* [Data for this exercise]:
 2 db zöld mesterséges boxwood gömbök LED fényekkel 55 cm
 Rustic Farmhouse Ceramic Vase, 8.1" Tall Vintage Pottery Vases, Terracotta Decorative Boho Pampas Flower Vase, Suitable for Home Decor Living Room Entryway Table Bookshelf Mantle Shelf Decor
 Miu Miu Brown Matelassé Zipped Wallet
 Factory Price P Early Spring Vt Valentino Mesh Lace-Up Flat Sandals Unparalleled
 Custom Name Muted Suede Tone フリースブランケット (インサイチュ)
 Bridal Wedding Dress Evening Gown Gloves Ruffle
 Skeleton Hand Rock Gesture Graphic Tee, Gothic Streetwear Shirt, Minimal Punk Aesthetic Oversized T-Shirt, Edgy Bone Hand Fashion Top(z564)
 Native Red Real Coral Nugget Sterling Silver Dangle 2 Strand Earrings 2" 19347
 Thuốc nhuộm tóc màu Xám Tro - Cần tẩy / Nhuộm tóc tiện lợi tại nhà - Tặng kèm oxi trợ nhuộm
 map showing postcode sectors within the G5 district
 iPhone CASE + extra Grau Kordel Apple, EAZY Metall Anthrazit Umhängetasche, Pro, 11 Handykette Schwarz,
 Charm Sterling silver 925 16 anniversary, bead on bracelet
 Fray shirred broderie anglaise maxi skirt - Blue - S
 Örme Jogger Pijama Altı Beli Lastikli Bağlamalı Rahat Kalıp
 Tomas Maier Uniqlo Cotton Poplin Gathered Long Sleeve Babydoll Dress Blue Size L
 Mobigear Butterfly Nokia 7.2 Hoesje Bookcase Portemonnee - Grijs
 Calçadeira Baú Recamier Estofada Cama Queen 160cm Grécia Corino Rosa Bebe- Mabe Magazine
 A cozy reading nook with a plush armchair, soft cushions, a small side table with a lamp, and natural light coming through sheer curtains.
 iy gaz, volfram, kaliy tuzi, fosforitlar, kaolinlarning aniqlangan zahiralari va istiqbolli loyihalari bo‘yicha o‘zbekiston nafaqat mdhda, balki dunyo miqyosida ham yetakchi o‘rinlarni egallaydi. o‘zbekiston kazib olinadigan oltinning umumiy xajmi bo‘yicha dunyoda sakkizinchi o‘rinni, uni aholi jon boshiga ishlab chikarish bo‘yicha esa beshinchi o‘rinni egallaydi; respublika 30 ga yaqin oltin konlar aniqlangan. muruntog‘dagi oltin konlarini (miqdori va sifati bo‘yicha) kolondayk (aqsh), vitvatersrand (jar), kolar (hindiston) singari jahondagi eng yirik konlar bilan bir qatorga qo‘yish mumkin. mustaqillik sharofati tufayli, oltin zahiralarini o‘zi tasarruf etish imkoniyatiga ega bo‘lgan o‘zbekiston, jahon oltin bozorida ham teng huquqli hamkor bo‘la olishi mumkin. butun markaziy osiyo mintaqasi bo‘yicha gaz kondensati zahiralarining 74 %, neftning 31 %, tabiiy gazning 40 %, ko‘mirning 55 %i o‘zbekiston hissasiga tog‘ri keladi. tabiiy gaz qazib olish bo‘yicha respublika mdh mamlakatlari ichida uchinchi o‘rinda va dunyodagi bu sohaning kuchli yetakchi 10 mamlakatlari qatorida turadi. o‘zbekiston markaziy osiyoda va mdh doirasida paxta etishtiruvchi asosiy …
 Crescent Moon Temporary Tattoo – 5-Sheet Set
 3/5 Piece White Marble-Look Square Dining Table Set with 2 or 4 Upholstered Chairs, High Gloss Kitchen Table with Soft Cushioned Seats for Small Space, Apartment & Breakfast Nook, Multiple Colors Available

* [Your task]: Only the number is wanted: how many lines of the material contain the word "Dress"?

* [Answer to this task]: 2